▸ **What to produce**: A faithful, complete copy of the entries is the sole expected answer.

***

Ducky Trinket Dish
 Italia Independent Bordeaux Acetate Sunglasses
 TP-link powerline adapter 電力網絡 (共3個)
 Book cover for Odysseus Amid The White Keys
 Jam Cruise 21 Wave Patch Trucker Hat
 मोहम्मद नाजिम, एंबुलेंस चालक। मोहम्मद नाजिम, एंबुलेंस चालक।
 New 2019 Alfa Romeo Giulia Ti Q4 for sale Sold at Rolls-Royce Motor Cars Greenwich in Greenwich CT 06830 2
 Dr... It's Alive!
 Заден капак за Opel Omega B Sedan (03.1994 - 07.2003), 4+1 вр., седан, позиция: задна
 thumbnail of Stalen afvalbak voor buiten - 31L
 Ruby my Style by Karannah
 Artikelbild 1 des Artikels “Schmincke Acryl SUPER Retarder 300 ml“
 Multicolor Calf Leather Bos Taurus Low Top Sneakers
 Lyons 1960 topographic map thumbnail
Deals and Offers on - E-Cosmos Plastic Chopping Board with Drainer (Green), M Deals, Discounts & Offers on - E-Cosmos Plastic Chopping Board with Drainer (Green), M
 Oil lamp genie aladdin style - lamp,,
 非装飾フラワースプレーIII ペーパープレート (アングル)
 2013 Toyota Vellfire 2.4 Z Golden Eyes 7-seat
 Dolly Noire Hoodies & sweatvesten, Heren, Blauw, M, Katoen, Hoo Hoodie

***

▸ **Reply to the exercise**:
Ducky Trinket Dish
 Italia Independent Bordeaux Acetate Sunglasses
 TP-link powerline adapter 電力網絡 (共3個)
 Book cover for Odysseus Amid The White Keys
 Jam Cruise 21 Wave Patch Trucker Hat
 मोहम्मद नाजिम, एंबुलेंस चालक। मोहम्मद नाजिम, एंबुलेंस चालक।
 New 2019 Alfa Romeo Giulia Ti Q4 for sale Sold at Rolls-Royce Motor Cars Greenwich in Greenwich CT 06830 2
 Dr... It's Alive!
 Заден капак за Opel Omega B Sedan (03.1994 - 07.2003), 4+1 вр., седан, позиция: задна
 thumbnail of Stalen afvalbak voor buiten - 31L
 Ruby my Style by Karannah
 Artikelbild 1 des Artikels “Schmincke Acryl SUPER Retarder 300 ml“
 Multicolor Calf Leather Bos Taurus Low Top Sneakers
 Lyons 1960 topographic map thumbnail
Deals and Offers on - E-Cosmos Plastic Chopping Board with Drainer (Green), M Deals, Discounts & Offers on - E-Cosmos Plastic Chopping Board with Drainer (Green), M
 Oil lamp genie aladdin style - lamp,,
 非装飾フラワースプレーIII ペーパープレート (アングル)
 2013 Toyota Vellfire 2.4 Z Golden Eyes 7-seat
 Dolly Noire Hoodies & sweatvesten, Heren, Blauw, M, Katoen, Hoo Hoodie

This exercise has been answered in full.